Please see the Wiki article for the full deal including footnotes.
You would be interested in this if you need the 'crypto' library to work in a FIPS 140-2 compliant way. You can switch on / off this mode by setting the runtime variable GOFIPS=1 before running your Go program [1]. Nice.
It looks like the Go community officially has no plans to support FIPS140-2 any time, so I'm glad to see this alternative.
The general theme is that you need to be using approved ciphers and you need to have your key management code certified by some external entity. It is an exhausting process ;)
FIPS is terrible, except that sometimes if you shout "FIPS 140 compliance for US gov contracts" enough into the corporate hierarchy you eventually get the budget to implement any security whatsoever, even though it's just FIPS.
If you're not trying to get US government contracts that require it, don't bother with FIPS. It mandates older algorithms; they're mostly secure enough but not as performant and there are a lot more footguns. FIPS 140-3 fixed a few, but not all.
There's a difference between FIPS approved algorithms, which are actually pretty broad and well-selected these days, and FIPS validated implementations, which are at best a PITA and often actively harmful. Very rarely do you actually need a FIPS-validated implementation.
>Microsoft's security reputation is so flawed, that some parts simply must be intentional, or coerced.

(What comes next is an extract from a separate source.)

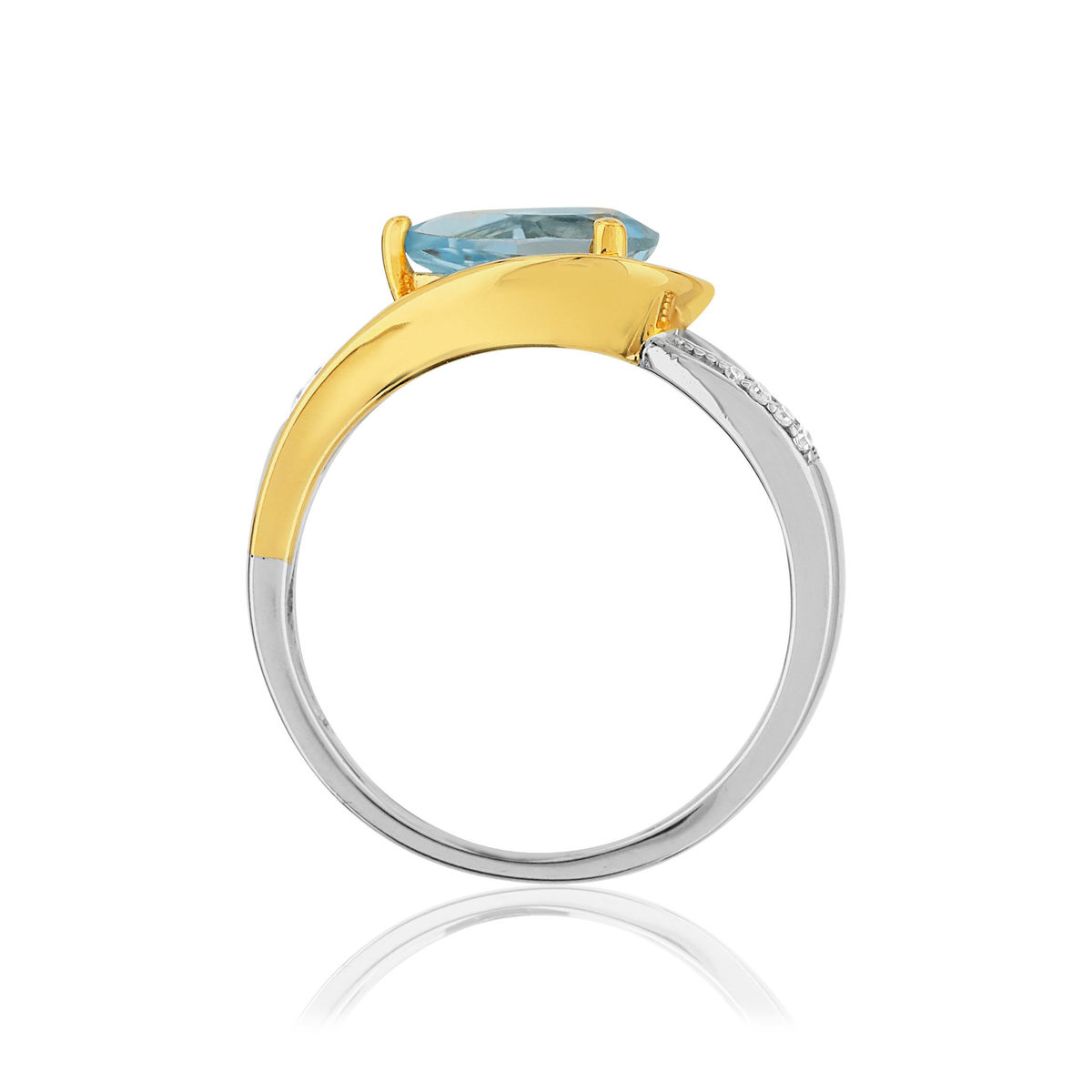 Ring van 375 goud met een behandelde blauwe topaas in peervorm en diamanten - afbeelding 2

They are a lot better than they used to be. They went through a trial by fire in the 90s and early 00s and came through for the better.
It's worth noting that classified computer systems in the military-industrial complex run Windows, and not Linux, nor do they run the security cosplay that is OpenBSD.

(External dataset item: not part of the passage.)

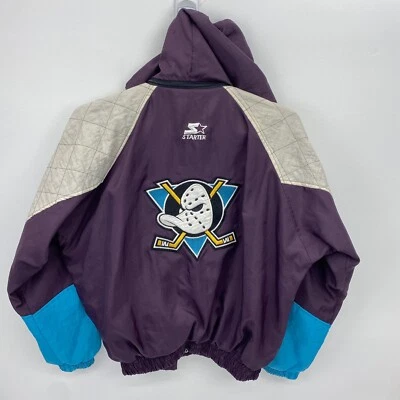 Винтажный Anaheim Mighty утки стартер НХЛ куртка 90-х большой-XL хоккей пуховик молнии - Изображение 1 из 4
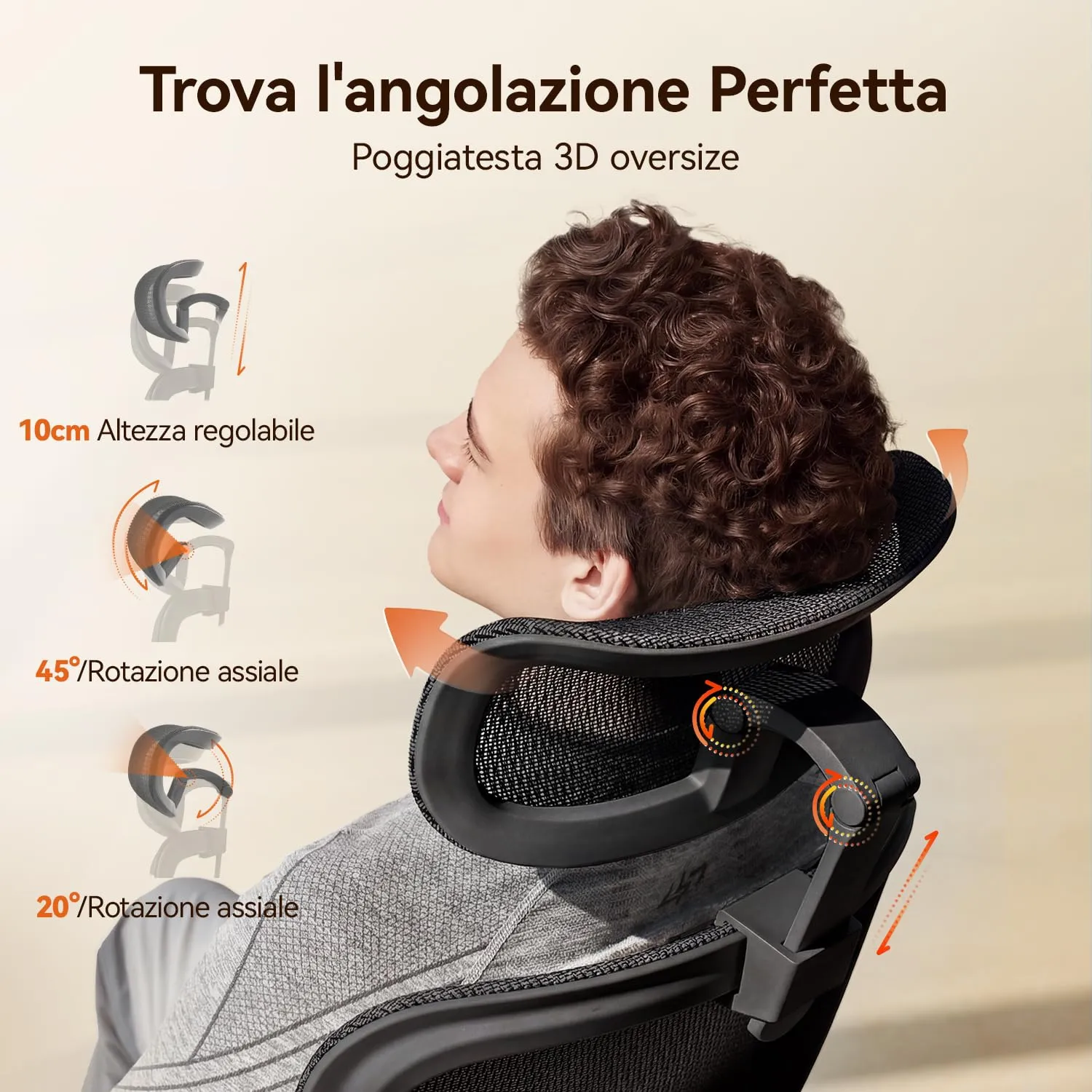 SIHOO B100 Pro Sedia da Ufficio Ergonomica con Poggiapiedi e Supporto Lombare 4D, Nero - immagine 5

Jonathan Blow ranted about the susceptibility of open source to supply chain attacks from state actors, which discussion recently became germane again in light of the xz backdoor.
What he didn't discuss was how vulnerable proprietary vendors (including, but by no means limited to, Microsoft) are to "rubber-hose vulnerability injection".
Anyway, it's good to see Microsoft actually participating in the open source process.
https://github.com/golang/go/tree/dev.boringcrypto/misc/bori...
But it looks dead for some time.
However https://github.com/golang-fips/go sprung up to take it's place.
I wonder why microsoft prefers to maintain it's own in entirety rather than share a piece of the burden.